Дети тоже начинают смеяться.
— Чего-с? Чего-с? — повторяет Динка, хохоча и балуясь.
— И главное, что я всегда раньше просила этого курьера, — вытирая выступившие or смеха слезы, говорит Марина, — чтобы он не хлопал так сильно дверью, а тут… вдруг: спасибо! Конечно, он ничего не понял и — чего-с? — под общий смех объясняет она.

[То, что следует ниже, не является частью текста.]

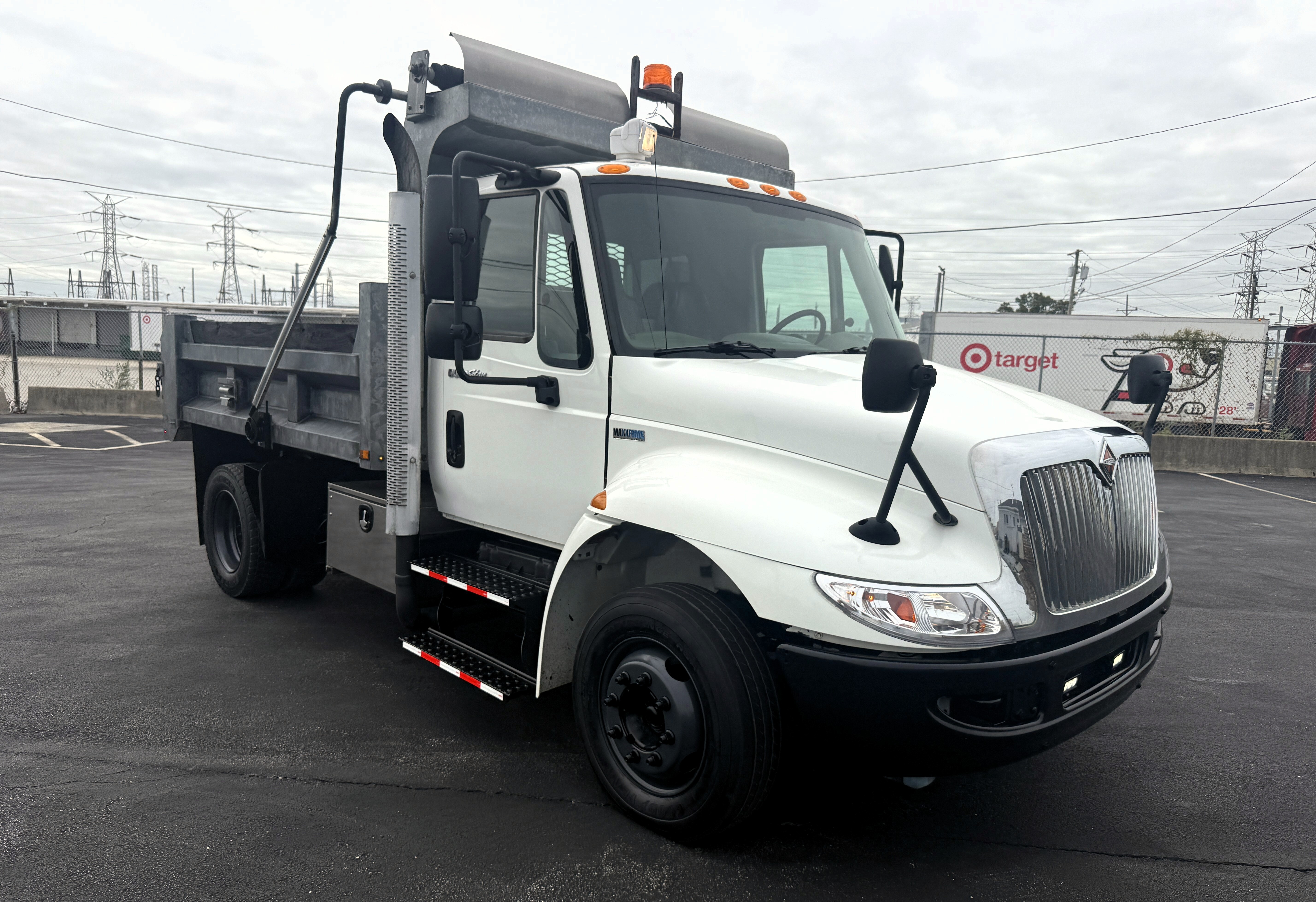 2011 INTERNATIONAL 4300 in Justice, IL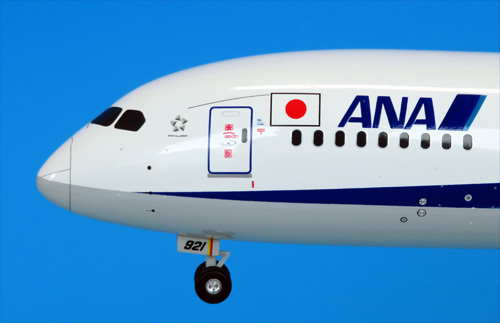 NH20168 1：200 BOEING 787-9 JA921A 完成品(WiFiレドーム・ギアつき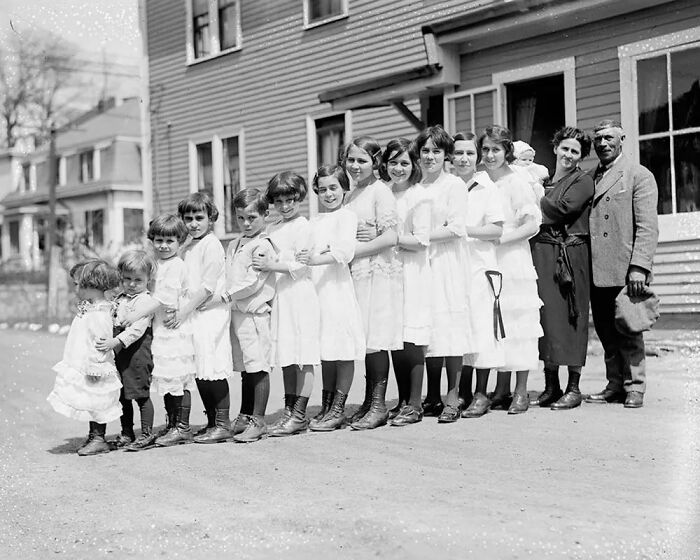 Los Noonan, una familia de 15 personas viviendo en 1920. Lawrence, Massachusetts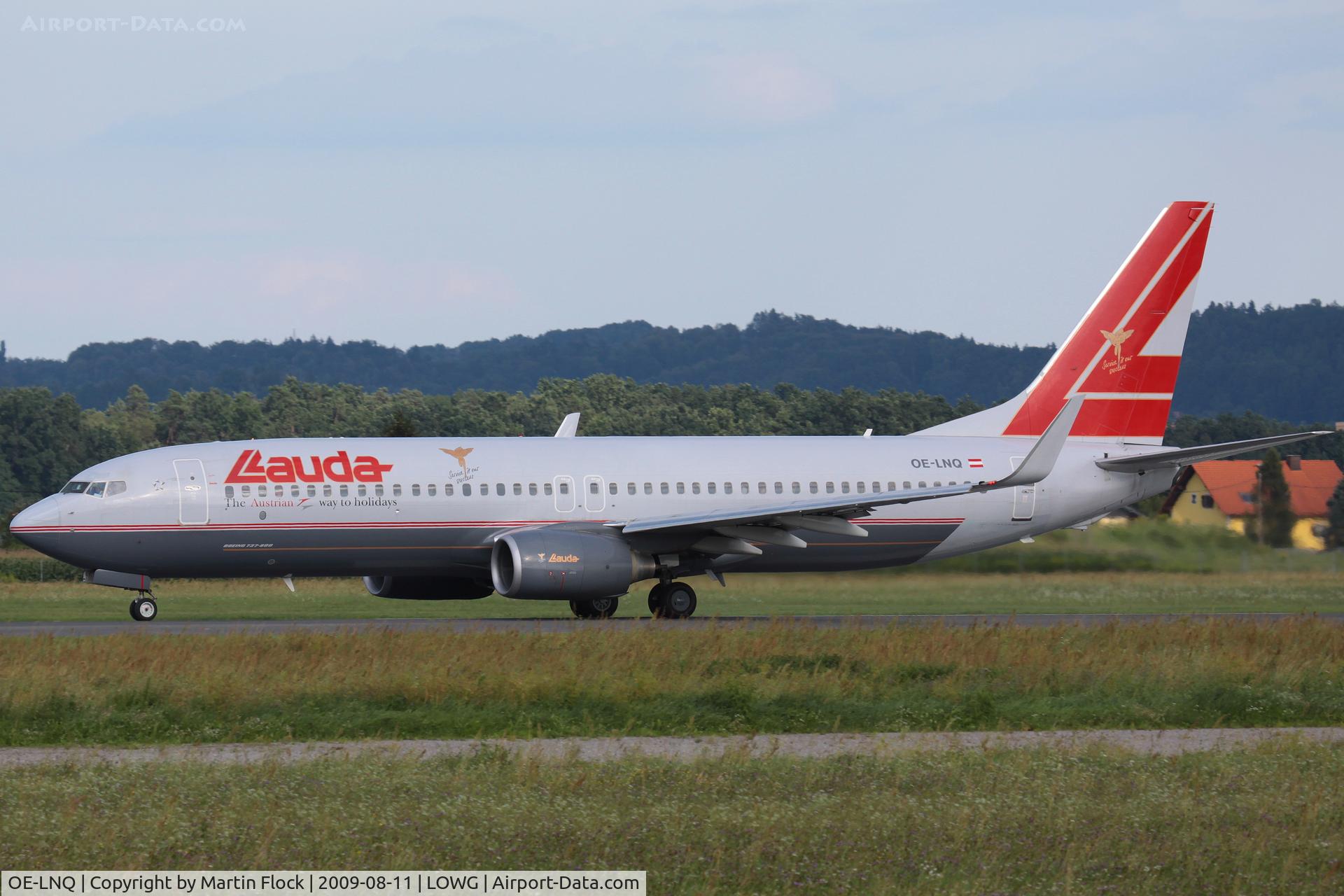 OE-LNQ, 2003 Boeing 737-8Z9 C/N 30421, .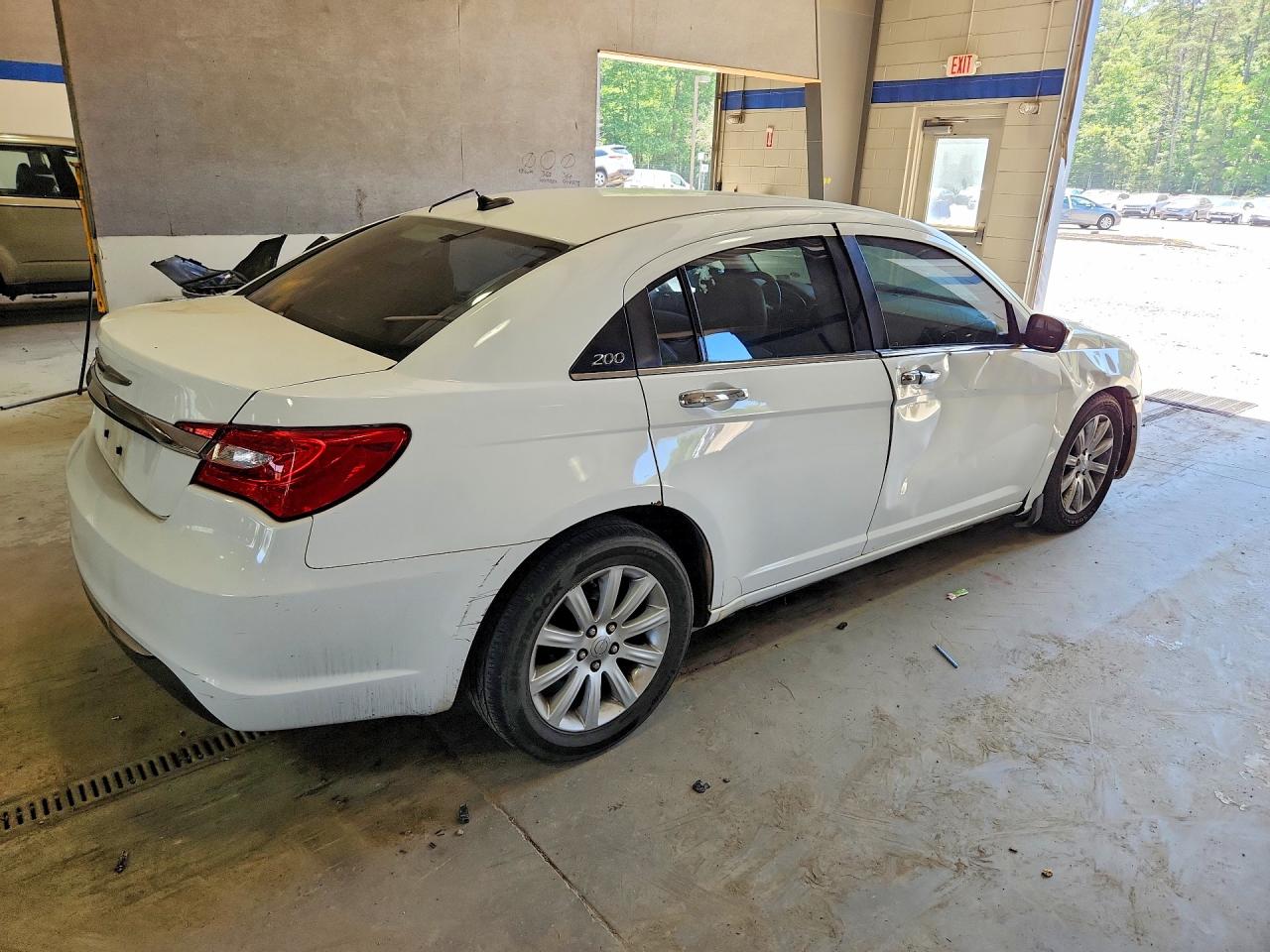 2013 Chrysler 200 Limited Белый vin: 1C3CCBCG1DN523937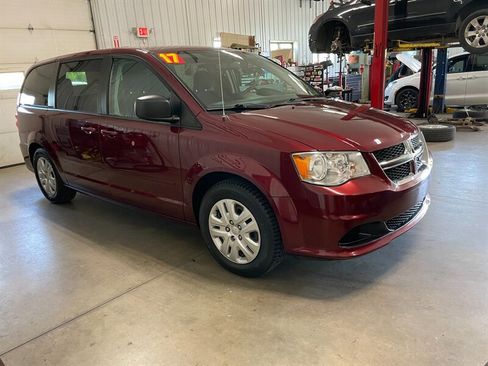 Used 2017 Dodge Grand Caravan SE FWD image 5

Когда кто-нибудь хорошо рассказывает и все смеются, Динка приходит в неистовое возбуждение. Ей тоже хочется что-нибудь рассказать, или выкинуть какой-нибудь неожиданный фокус, или, на худой конец, хоть высунуть свой нетерпеливый язык и подразнить Мышку: «Мэ-мэ-мэ…»
Но сейчас ей обязательно хочется что-нибудь рассказать.
— А я… а я… — кричит она, вскакивая па стул. — А я один раз шла, шла по улице да как засну! Да как налечу на какую-то старушку, да как поддам ей головой в живот! Она только: ой-ой! И мы с ней в разные стороны так и раскатились! Ха-ха! Вот как смешно было! Вот так заснула я!
Но никто не смеется, а мама даже озабоченно спрашивает Катю:
— Когда это было? Какая старушка?
— Да никогда этого не было! Врет! И старушка тут ради красного словца. Что ты, не знаешь ее, что ли? — машет рукой Катя.
— Это она для смеха… — хихикает Мышка.
— Ну, надо прямо сказать, что тут смеха очень мало, — пожимает плечами мать.
— Уж какой тут смех! — фыркает Катя.
И все громко смеются. У Динки растерянно бегают глаза, щеки густо краспеют, она чувствует себя посрамленной и, стараясь скрыть это, смеется вместе со всеми.
— Ну, довольно, — говорит мать.
Но Мышка заглядывает Динке в лицо и хлопает а ладоши.
— А! Покраснела, покраснела! — кричит она.
— А тебе, Мышка, оказывается, недостаточно, что человек попал в неловкое положение, тебе надо еще подразнить его, да? — улыбаясь, говорит мать, но ой-ой-ой как боятся дети этой улыбки! — Ты радуешься, злорадствуешь, Мышка? Ты совсем как тот голубь в басне Крылова, помнишь?